Feature Instrumentation

On this page

Instrumentation at GitLab

Tracking feature engagement after we've shipped is an important part of product management and software development. To accomplish this in the GitLab product, we use different approaches for self-managed and GitLab.com. To visualize the data we extract from both, we use Looker.

Instrumentation for self-managed instances

Self-managed instances are not required to maintain a connection with GitLab, Inc. Instead, we rely on an on-by-default usage ping that can be optionally disabled by any instance. Instances attempt to send this weekly.

To visualize and explore our existing dataset, please see the Usage Data Explore in Looker.

Adding to usage ping

Individual teams are free to prioritize and add additional attributes to the usage ping (see usage_data.rb for the current schema).

To add additional instrumentation to the usage ping:

  1. Detail any desired additions in an issue. You can see examples of similar issues by searching for closed "usage ping" issues.
  2. Work with the relevant team to schedule the work. In general, the team that owns a feature should also be responsible for any instrumentation.
  3. Work with the Analytics team to model the new attributes in Looker. After your addition ships and instances begin sending us the updated usage ping, create an issue in the Analytics project to model and visualize the new attributes in Looker. Generally speaking, this involves:
    • Updating any relevant ETL jobs to include the addition. Simple additions (example) to existing columns may not require this, whereas adding new columns (example) will likely require an extractor update.
    • Updating the model in the Looker project. Before we're able to see the new dimension in Looker Explores like Usage Data, we need to define what to visualize.

Instrumentation for GitLab.com

We use the open-source Snowplow for identifying users and events on GitLab.com. These events are extracted to a Snowflake data warehouse and - like usage ping - visualized in Looker.

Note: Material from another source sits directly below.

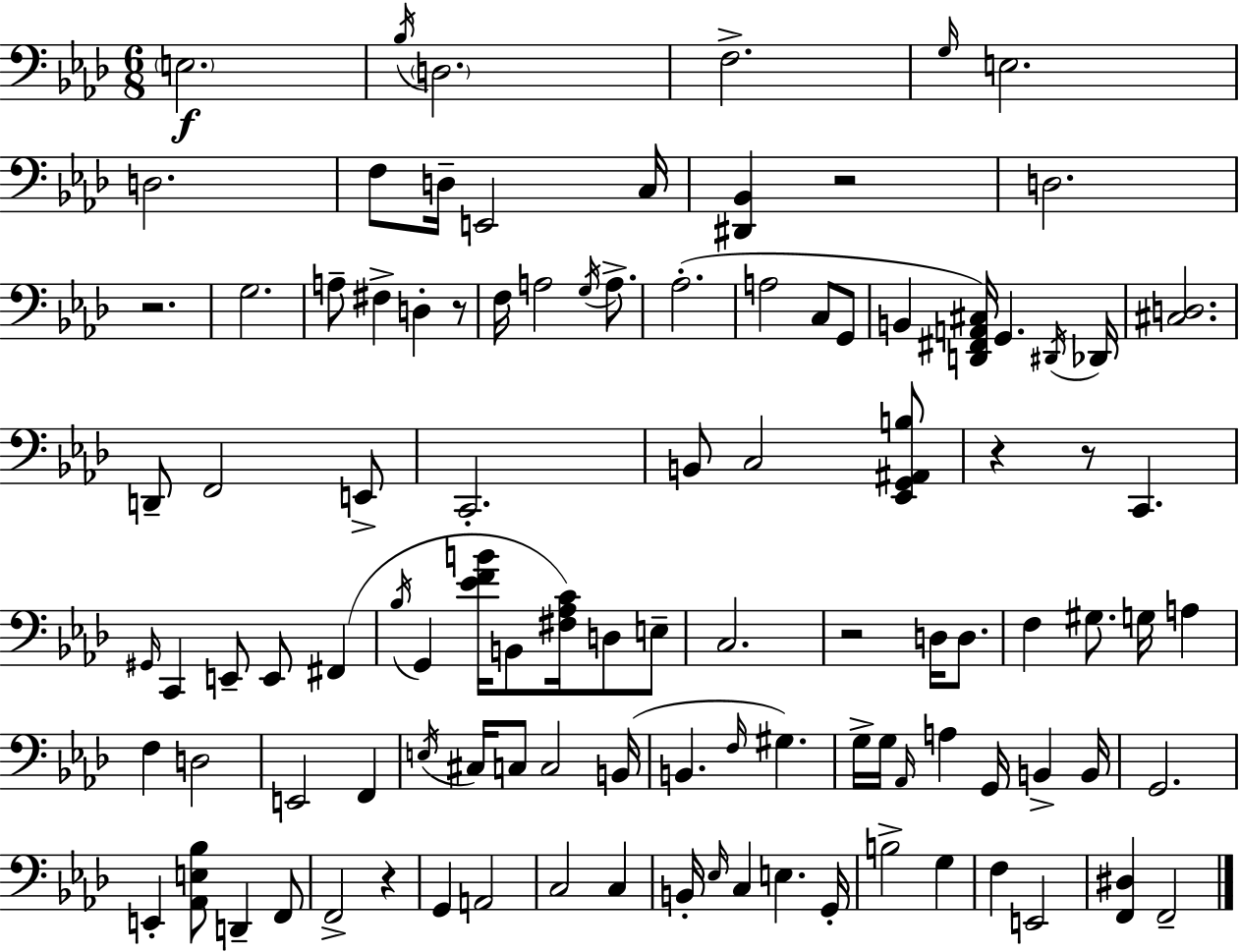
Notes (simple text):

E3/h. Bb3/s D3/h. F3/h. G3/s E3/h. D3/h. F3/e D3/s E2/h C3/s [D#2,Bb2]/q R/h D3/h. R/h. G3/h. A3/e F#3/q D3/q R/e F3/s A3/h G3/s A3/e. Ab3/h. A3/h C3/e G2/e B2/q [D2,F#2,A2,C#3]/s G2/q. D#2/s Db2/s [C#3,D3]/h. D2/e F2/h E2/e C2/h. B2/e C3/h [Eb2,G2,A#2,B3]/e R/q R/e C2/q. G#2/s C2/q E2/e E2/e F#2/q Bb3/s G2/q [Eb4,F4,B4]/s B2/e [F#3,Ab3,C4]/s D3/e E3/e C3/h. R/h D3/s D3/e. F3/q G#3/e. G3/s A3/q F3/q D3/h E2/h F2/q E3/s C#3/s C3/e C3/h B2/s B2/q. F3/s G#3/q. G3/s G3/s Ab2/s A3/q G2/s B2/q B2/s G2/h. E2/q [Ab2,E3,Bb3]/e D2/q F2/e F2/h R/q G2/q A2/h C3/h C3/q B2/s Eb3/s C3/q E3/q. G2/s B3/h G3/q F3/q E2/h [F2,D#3]/q F2/h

Since GitLab.com is an GitLab EE instance, we're also able to query tables in PostgreSQL that are detailed in schema.rb for analytical purposes. As of November 2018, query access is dependent on pending efforts in Looker and to allow SSH access to a dedicated read-only replica.

Differences with usage ping

Since GitLab.com is maintained by GitLab, Inc. and Snowplow allows for much richer event tracking, we capture better data more frequently. A comparison:

Compared dimension Self-managed (usage ping) GitLab.com
Frequency Infrequent; sent weekly from instances Frequent; hours to see new events
Fidelity Low; anonymized counts High; page views, clicks, time spent on page, anything in schema.rb
User penetration Low; most instances opt-out High; users can opt out of event tracking in browser, but Snowplow/PSQL captures almost everything
Customer representation Fair; self-managed is more representative of EE use, but opt-out remains high Poor; high proportion of free individual users

The last item is the most salient; analyses should consider differences in population and behavior (and ideally control for them, such as filtering individuals/non-groups out of analysis), as usage across GitLab.com will likely differ significantly from usage on a large self-managed instance.

Adding events to Snowplow

Like usage ping, individual teams are free to prioritize and capture events using the existing Snowplow implementation.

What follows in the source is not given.